Ignitis Group has reported its financial and operational results for the first half of 2025, highlighting progress in renewable energy projects and infrastructure development across the Baltics. The company launched the Kelmė wind farm in Lithuania, which is now the largest wind farm in the Baltic region with a capacity of 314 MW.
The group’s adjusted EBITDA reached 300.8 million euros for the period, representing a 3.8% increase compared to last year. The Green Capacities segment was responsible for more than half of this figure, accounting for 55.4% of total adjusted EBITDA.
Total investments during the first six months amounted to 343.2 million euros, mainly directed toward network improvements (48.1%) and green capacities such as new solar installations, onshore wind projects, and expansion at Kruonis PSHP. Overall investment dropped by 18.7% from the same period last year as some major projects concluded or neared completion.
In terms of capacity expansion, Ignitis Group increased its secured capacity by 0.3 GW to reach a total of 3.4 GW after final investment decisions were made for battery energy storage systems in Kelmė (147 MW), Kruonis (99 MW), and Mažeikiai (45 MW). Installed capacity also grew by 0.3 GW to reach 1.8 GW following the commissioning of Kelmė wind farm.
Within its Networks segment, Ignitis Group is continuing efforts to install over 1.2 million smart meters by next year; so far, it has deployed approximately 1.18 million units.
Darius Maikštėnas, CEO of Ignitis Group said: “Our progress in expanding green capacities and securing essential energy infrastructure enables Ignitis Group to contribute to competitive electricity prices.
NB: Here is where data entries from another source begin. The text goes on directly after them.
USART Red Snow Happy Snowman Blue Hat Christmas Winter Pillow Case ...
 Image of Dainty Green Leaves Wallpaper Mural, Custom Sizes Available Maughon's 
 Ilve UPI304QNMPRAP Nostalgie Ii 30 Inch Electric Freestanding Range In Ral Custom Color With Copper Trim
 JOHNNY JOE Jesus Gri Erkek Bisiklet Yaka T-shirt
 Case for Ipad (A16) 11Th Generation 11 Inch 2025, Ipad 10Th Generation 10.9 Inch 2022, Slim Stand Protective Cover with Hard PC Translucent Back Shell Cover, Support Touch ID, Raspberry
This advancement is key to moving the Baltics toward full energy self-sufficiency and enhancing the region’s capacity for energy exports.”
In its Customers & Solutions division, Ignitis Group signed a seven-year power purchase agreement with Litgrid—Lithuania’s transmission system operator—which will see Litgrid buying up to 160 GWh per year of renewable electricity at a fixed rate beginning January 2026.
The company continues expanding electric vehicle charging infrastructure throughout the Baltics with a total of 1,380 charging points installed—a growth of nearly three hundred since late last year—and has secured up to €3.8 million through CEF funding agreements for further EV network development.
Following its dividend policy, Ignitis Group plans to distribute €0.683 per share as an interim dividend pending approval at its general meeting scheduled for September 10th.
Looking forward through the remainder of this year, Ignitis expects adjusted EBITDA between €500–540 million with projected investments ranging from €700–900 million.